[Start of Attachment]

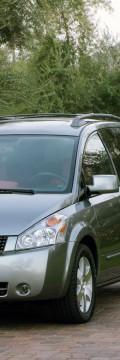 NISSAN Quest (FF L)  Технические характеристики
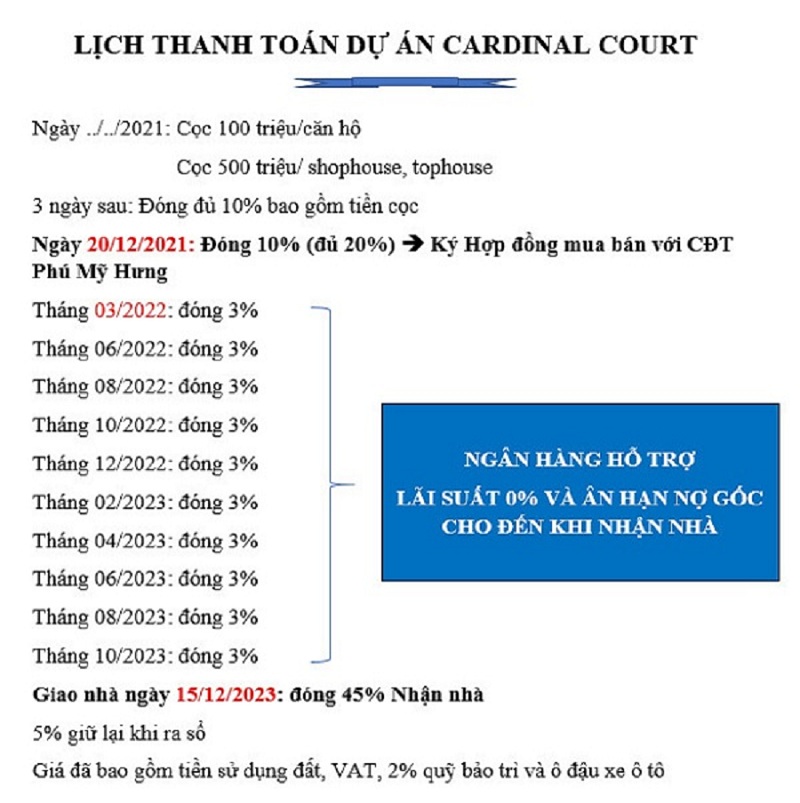 tiến độ thanh toán dự án cardinal court phú mỹ hưng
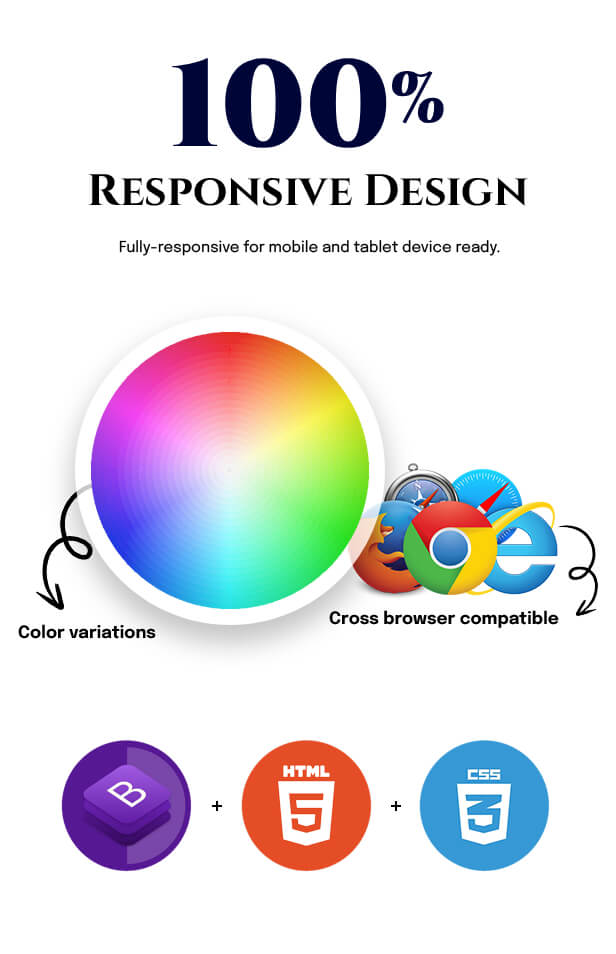 Neurology- Psychology & Counseling HTML Template
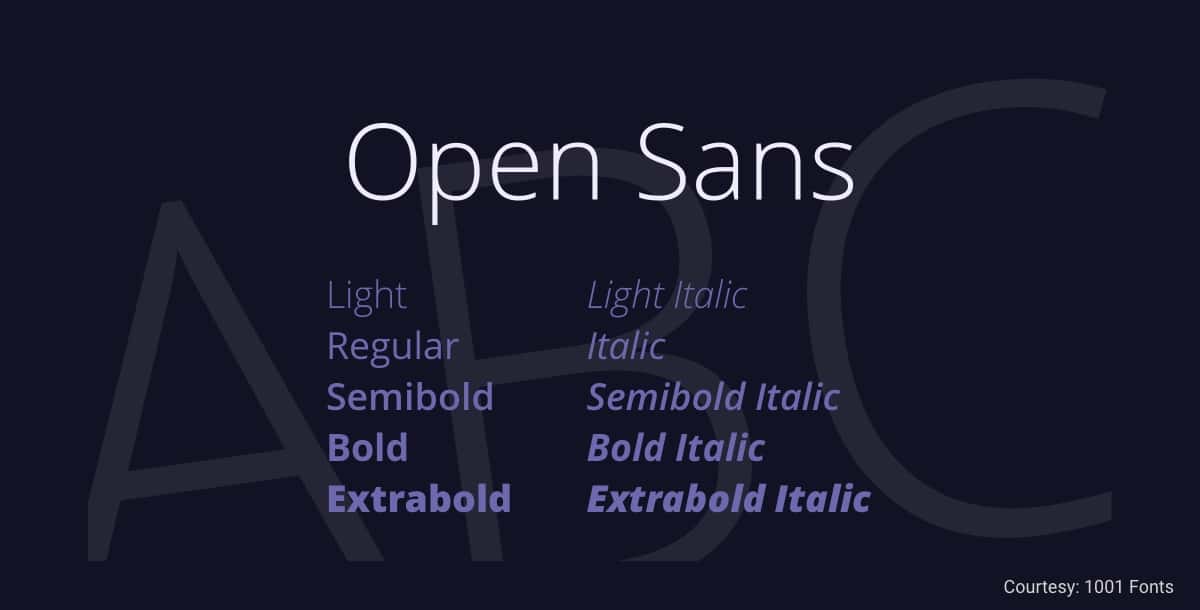 Free Minimalist Font Open Sans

[End of Attachment]

§ PROBLEM DESCRIPTION
Please set the data above down exactly, with the pictures removed.

§ REPLY TO THE EXERCISE
 NISSAN Quest (FF L)  Технические характеристики
 tiến độ thanh toán dự án cardinal court phú mỹ hưng
 Neurology- Psychology & Counseling HTML Template
 Free Minimalist Font Open Sans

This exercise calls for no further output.